While Jack was still with Makoko, another man came running up from the southern end of the fort and reported that he had heard the sound of many men advancing up the stream. Clearly a serious attack was intended at last. Sending word to Barney to remain on the qui vive at the southern wall, Jack waited anxiously for the glimmering light of dawn to reveal the enemy.

At last he could see them. They took little pains to conceal themselves. Elbel's riflemen were assembling on the ridge of the slope above. Among them were men carrying each a small barrel on his shoulder. They must have made a wide circuit from their camp below so that their movements might not be suspected until they were well in position.

The word was rapidly passed round the fort. In a few seconds every man was at his appointed place. The women and children had been bidden to remain in their huts, for a part of the enclosure being exposed to fire from the slope above, it would have been dangerous for any one to cross. Barney and his men at the southern wall were protected from this fire in their rear by the huts. At the northern wall Jack stood on a narrow platform by the gate, similar to that which he had used at his former camp near Ilola. His riflemen were posted below him, half of them at loop-holes left at intervals in the wall, the remainder just behind, ready to take their places at the word of command.

Jack was surprised to feel how little flustered he was. The responsibilities of the past months had bred self-control, and the capacity to grasp a situation quickly and act at once. And constant work with the same men, whom he had learned to know thoroughly, had created a mutual confidence which augured well for their success when put to the test.

A glance assured Jack that the main attack, if attack was intended, would be made by the riflemen. The spearmen in the valley of the river were designed to create a diversion and weaken the force available to oppose the principal assault. Barney could be trusted to hold his own against them.

So little did the enemy, having gained the position above, seek to conceal their movements, that Jack was tempted to salute them with a volley that must have done great execution—the range being scarcely two hundred yards. But Elbel seemed to know by instinct the feeling by which Jack would be animated. He evidently counted on being allowed to fire first. And indeed there was little time for Jack to consider the matter, for even as he made a mental note of the enemy's bravado, he heard a word of command given in a loud voice, and saw Elbel emerge from a small clump of bushes at the edge of the gully. The whole force, except ten men carrying barrels, flung themselves flat on their faces; and Jack had only time to give a rapid warning to his men when a scattered volley flashed from the line of prone figures, the bullets pattering on the stone wall like hail on a greenhouse.

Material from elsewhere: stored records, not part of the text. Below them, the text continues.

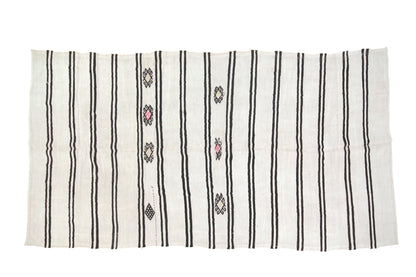 7x12 Hemp Kilim rug, Turkish kilim rug, Vintage kilim rug, Handmade ,White Striped Area rug, Entryway rug, 6709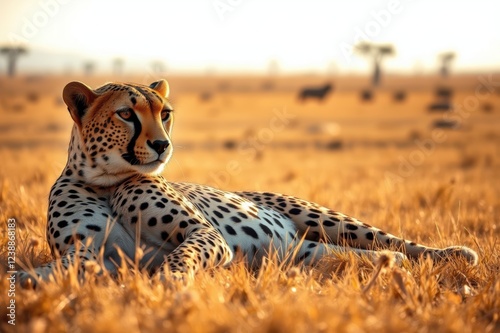 Cheetah Resting in Golden African Savanna at Sunset
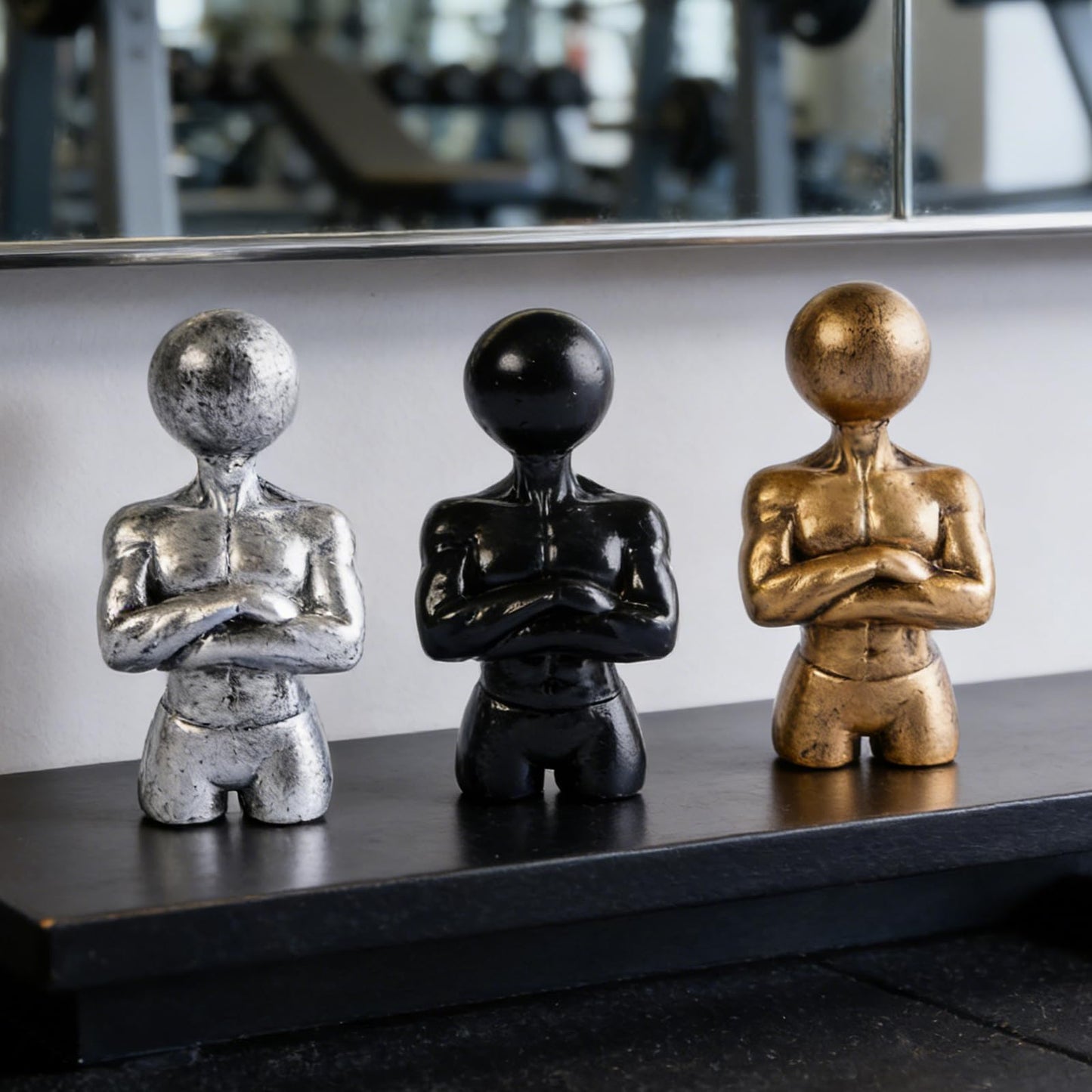 Brizoria Sculptures Unique Home Decor Abstract Male Bust Statue Crossed Arms Resin Tabletop Shelf Accent in Silver Bronze Black for Office Living Room Home Gym, Gold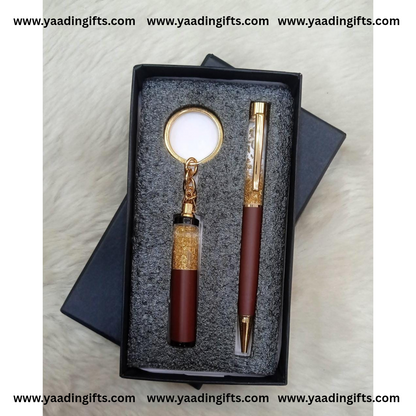 Gold flake pen + keychain combo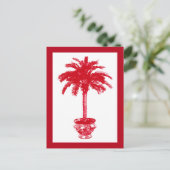 鉢植えパームツリー，深いはがき赤と白 ポストカード (スタンド正面)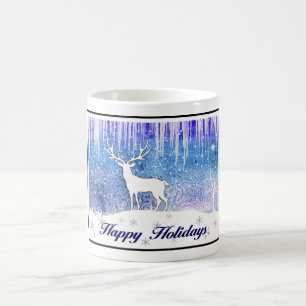 Happy Holidays Deer Scene Coffee Mug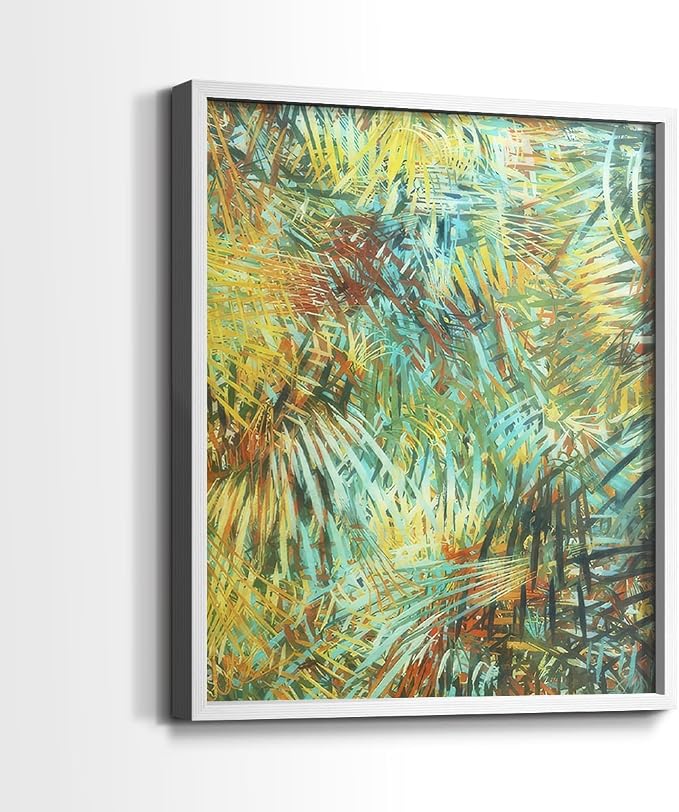 Renditions Gallery Set of 2 Peel & Stick Framed Prints, Nature Abstract Wall Art, Green Leafy Design Wall Decor, Re-Stickable - Ready to Hang - 11"x14" - White Frame LT588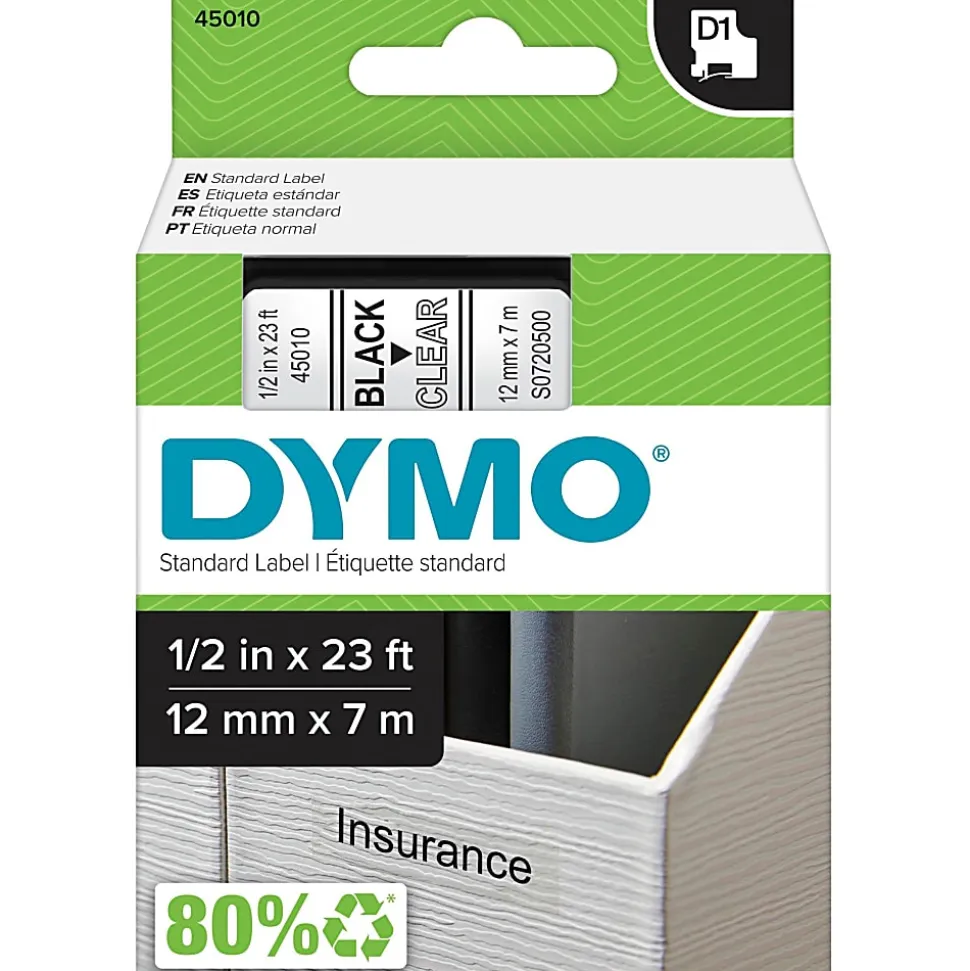 DYMO® D1 Standard Label Tape, 45015, Rectangle, 0.5" x 23', Black On Clear
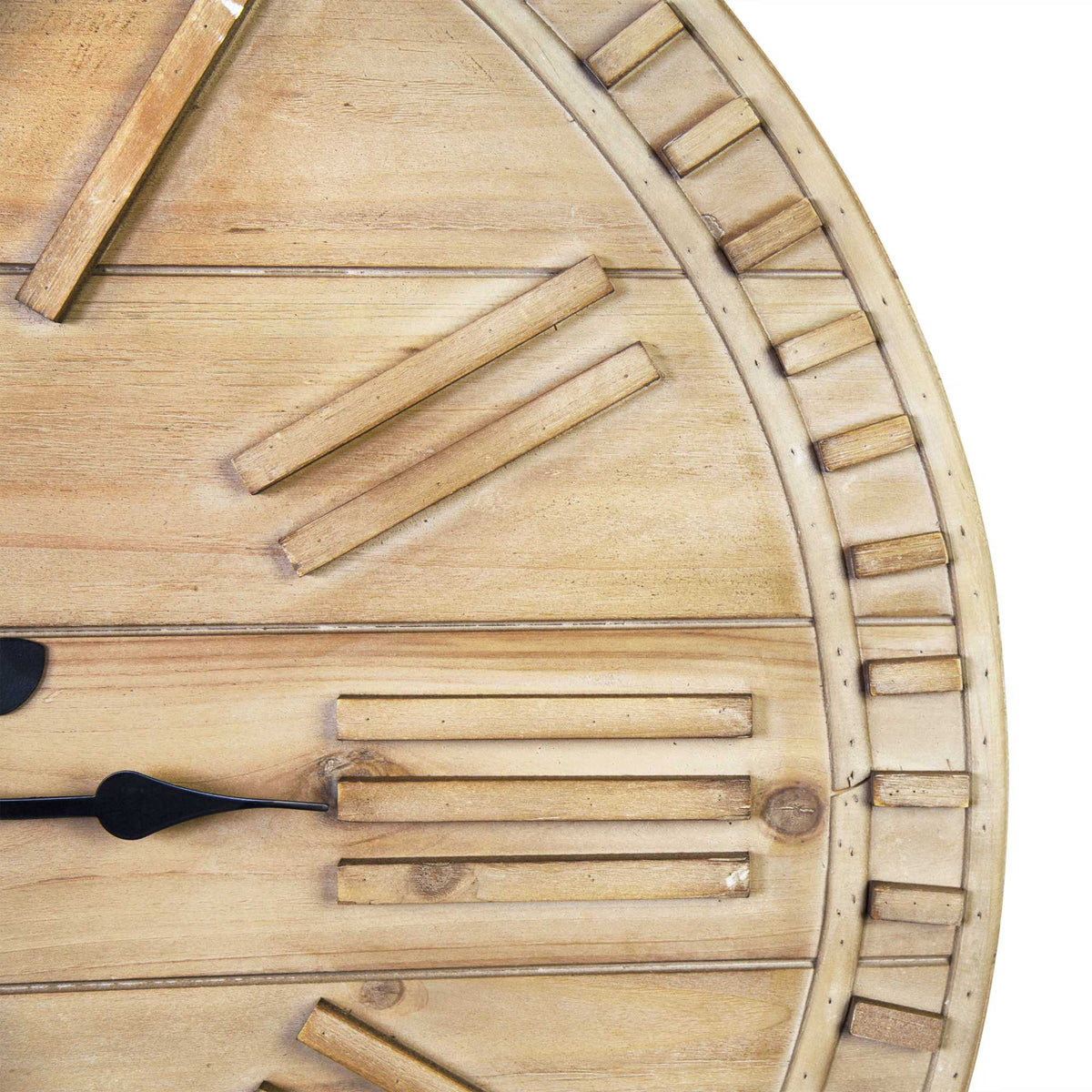 Round Wood Face Roman Numeral Wall Clock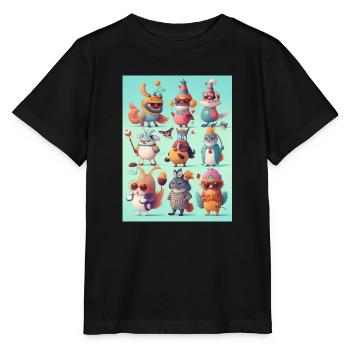 Quirky characters - Stanley/Stella MINI CREATOR Kids’ T-Shirt - black - Front - Mikhail (115cm)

Next moment the men with the barrels dashed forward, some making for the blockhouse above the gully, others for that at the opposite end of the northern wall. Through the clear space between the two parties the riflemen continued to fire as fast as they could reload. It was clear to Jack that Elbel expected the fire of his two hundred rifles, added to the unexpectedness of the movement, to keep down the fire of the defenders long enough to enable the barrel men to reach the blockhouses. But in this he was disappointed; nothing but a direct and combined assault on the wall would have gained the time he required. His rifle fire from a distance was quite ineffective. Jack had ordered his men to keep out of sight, and to fire through the loop-holes in the wall, aiming, not at the riflemen lying on the ground, but at the men sprinting with the barrels. Consequently, when the twenty-five rifles within the fort replied to the first volley, three of the runners fell on the one side and two on the other, their barrels rolling down the slope, some over the edge into the gully, others towards the copse on the east.

The other men, seeing the fate of their comrades, thought of nothing but their own safety. They dropped their barrels and rushed back. But even then they did not take the safe course. Instead of scattering and so lessening the chances of being hit, the two parties joined, and ran up the slope in a compact group. None of them reached the line of prostrate riflemen who were still blazing away ineffectually at the walls and blockhouses. The unfortunate men were caught in full flight and fell almost at the same moment, each man struck by several bullets.

Not till then did Jack allow his riflemen to turn their attention to the enemy's firing line. But one volley was sufficient. Elbel saw that his scheme had totally failed, and his position was untenable. Not a man of his opponents could be seen; his men had only small loop-holes to fire at, and the average negro is not a sufficiently good marksman to be formidable in such conditions. The defenders, on the other hand, found the enemy an excellent target; for, by some inexplicable piece of folly, Elbel had not ordered them to seek cover behind the many rocks and boulders that were scattered over the ground. He had lost all his barrel men and several of his riflemen, and within five minutes of the first volley he drew off his troops.

A yell of delight from the stockade followed his retirement. The men slapped their thighs and shouted "Yo! Yo!" until they were hoarse. The women and children poured out of the huts and danced about with wild enjoyment. Imbono's drummer banged with all his might. Some of the boys had made small trumpets of rolled banana leaves, and tootled away to their hearts' content, the sound being not unlike that made by blowing through tissue paper on a comb. Amid all the uproar Pat's joyous bark acclaimed the success.